* Raw data *
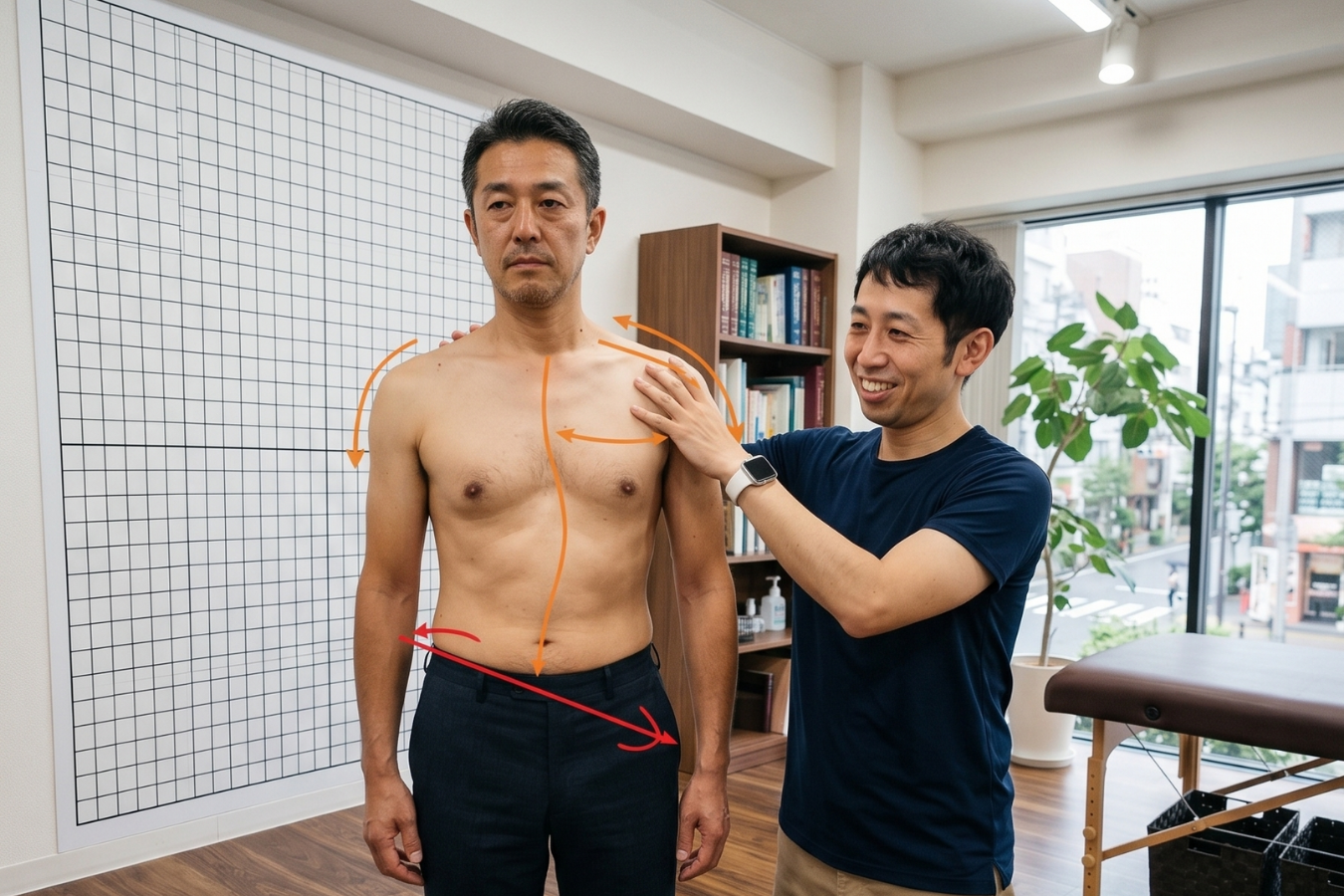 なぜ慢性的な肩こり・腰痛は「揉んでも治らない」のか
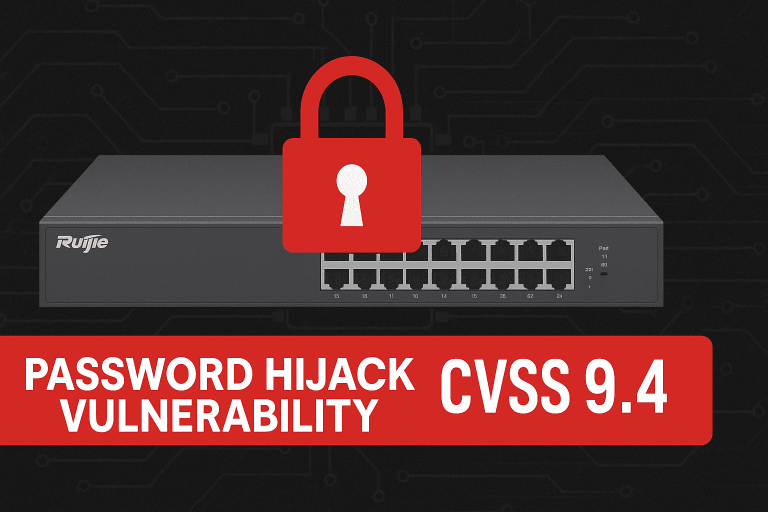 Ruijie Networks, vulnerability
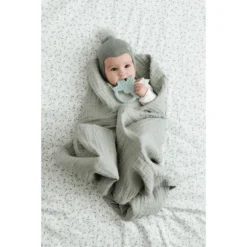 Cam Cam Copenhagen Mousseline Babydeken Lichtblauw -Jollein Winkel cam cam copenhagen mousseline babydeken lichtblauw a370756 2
---
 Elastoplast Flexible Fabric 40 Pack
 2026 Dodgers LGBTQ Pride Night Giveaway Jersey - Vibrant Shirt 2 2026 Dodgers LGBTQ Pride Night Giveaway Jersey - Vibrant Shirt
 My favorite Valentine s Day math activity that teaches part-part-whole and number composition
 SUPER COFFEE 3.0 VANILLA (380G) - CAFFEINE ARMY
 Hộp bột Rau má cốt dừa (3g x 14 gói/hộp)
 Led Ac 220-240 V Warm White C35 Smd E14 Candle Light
--
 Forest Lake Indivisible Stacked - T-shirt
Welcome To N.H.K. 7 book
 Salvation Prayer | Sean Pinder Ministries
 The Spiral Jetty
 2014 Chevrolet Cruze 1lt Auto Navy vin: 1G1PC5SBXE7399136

* Work item *
The listing above holds a line with "My favorite Valentine" and a line with "Led Ac 220-240". Print the stretch from the first through the second, exactly and alone.

* Task result *
 My favorite Valentine s Day math activity that teaches part-part-whole and number composition
 SUPER COFFEE 3.0 VANILLA (380G) - CAFFEINE ARMY
 Hộp bột Rau má cốt dừa (3g x 14 gói/hộp)
 Led Ac 220-240 V Warm White C35 Smd E14 Candle Light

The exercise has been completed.